---------- DATA FOR THE TASK
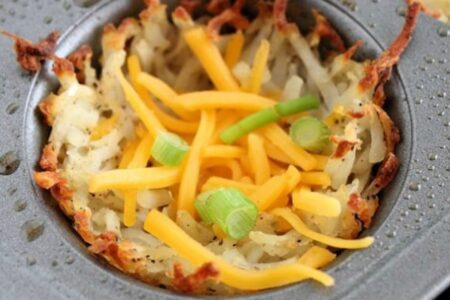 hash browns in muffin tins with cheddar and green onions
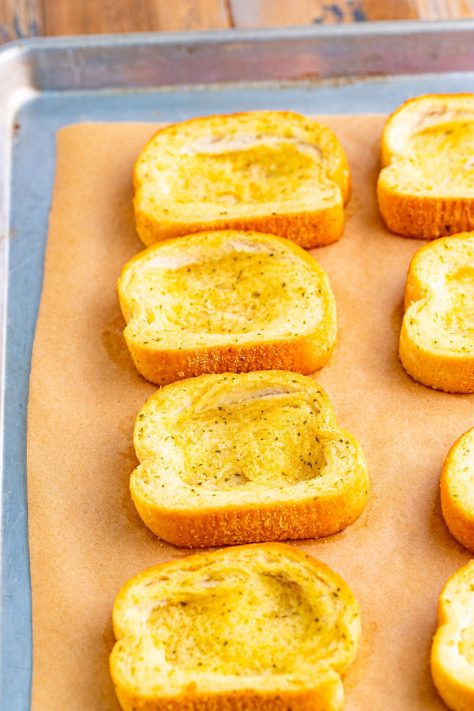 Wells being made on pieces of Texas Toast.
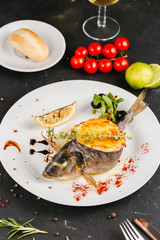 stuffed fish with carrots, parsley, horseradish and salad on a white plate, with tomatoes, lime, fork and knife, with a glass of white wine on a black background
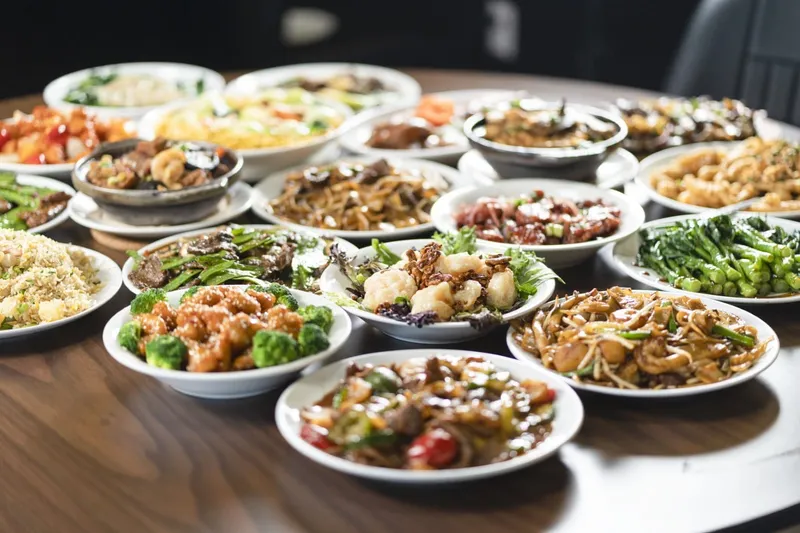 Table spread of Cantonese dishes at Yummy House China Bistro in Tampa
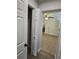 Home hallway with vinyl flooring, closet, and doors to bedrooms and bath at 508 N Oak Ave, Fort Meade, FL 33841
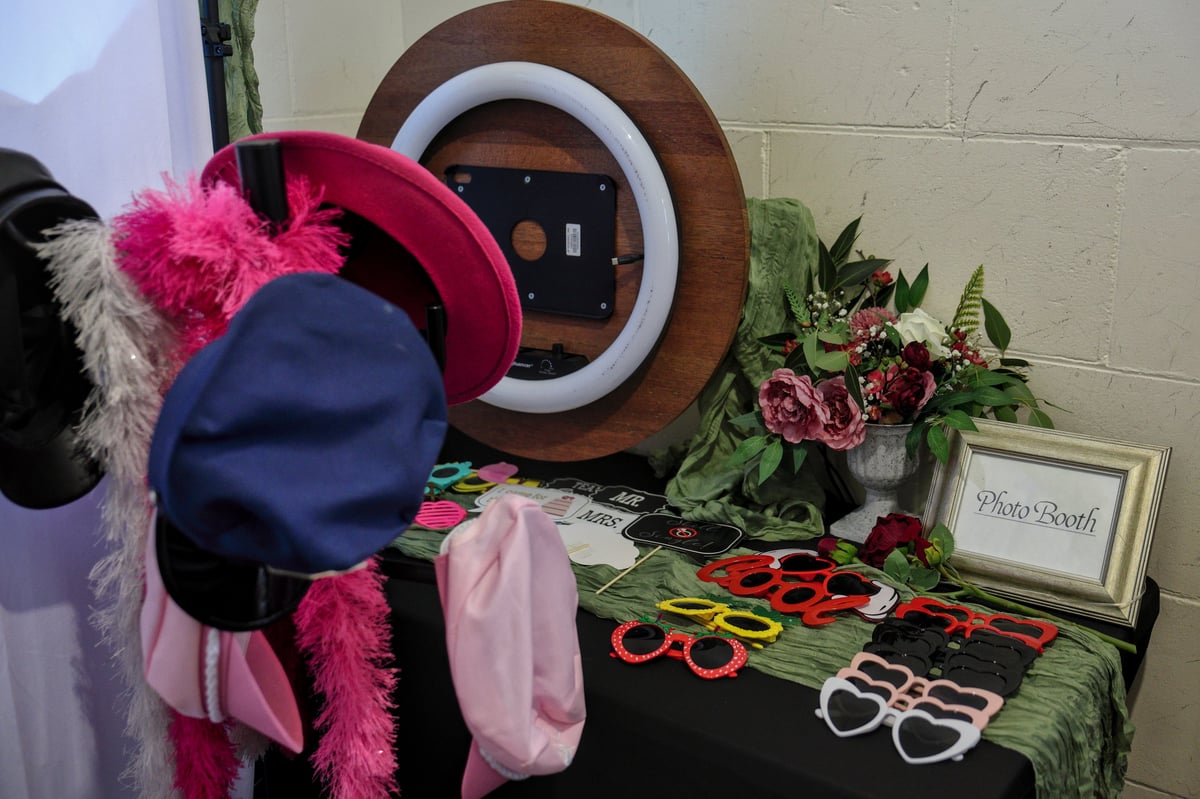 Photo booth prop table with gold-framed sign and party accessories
--------------------
EXERCISE AIM ::
Output the material word for word. Pictures do not go in.

SOLUTION BELOW ::
 hash browns in muffin tins with cheddar and green onions
 Wells being made on pieces of Texas Toast.
 stuffed fish with carrots, parsley, horseradish and salad on a white plate, with tomatoes, lime, fork and knife, with a glass of white wine on a black background
 Table spread of Cantonese dishes at Yummy House China Bistro in Tampa
 Home hallway with vinyl flooring, closet, and doors to bedrooms and bath at 508 N Oak Ave, Fort Meade, FL 33841
 Photo booth prop table with gold-framed sign and party accessories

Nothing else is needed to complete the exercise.